Martin Paul Eve, Crossref and Birkbeck University of London, UK, has investigated whether research articles with an assigned DOI are adequately preserved. He used archives such as those of national libraries, Portico, Gallica, or HathiTrust to build a database of over 7.4 million articles with DOIs. He found that there were ca. 5.9 million copies of these articles in total in the studied archives, and that about 4.3 million articles had at least one archived copy. This means that ca. 58 % of the articles in the database were preserved in some way, but ca. 28 % seemed to be unpreserved. About 14 % of the articles were excluded from the analysis (e.g., due to a recent date of publication or insufficient data on the publication date).

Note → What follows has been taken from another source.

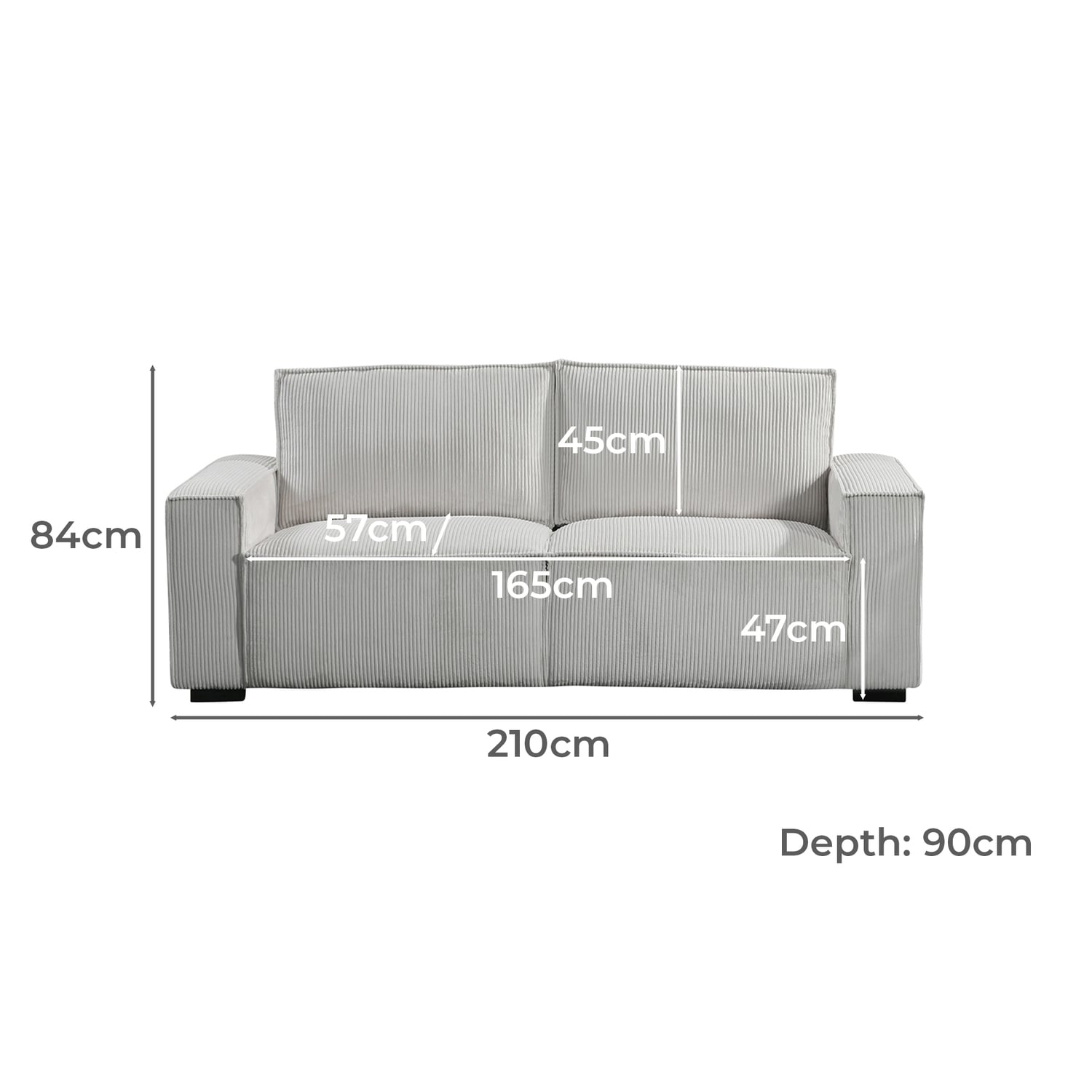 Lakan 3 Seater Upholstered Sofa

Eve also evaluated how well members of Crossref, which is the largest digital object identifier (DOI) registration agency, preserve their content. He found that fewer than 1 % of members could be confirmed to preserve over 75 % of their content in three or more of the studied archives. About 8.5 % of members were found to preserve over 50 % of their content in two or more archives, and about 33 % met the threshold of preserving at least 25 % of their content in at least one archive. Eve suggests, for example, that DOI registration agencies should define a minimum required standard of preservation and enforce it.
- Digital Scholarly Journals Are Poorly Preserved: A Study of 7 Million Articles,
Martin Paul Eve,
J. Libr. Scholarly Commun. 2024.
https://doi.org/10.31274/jlsc.16288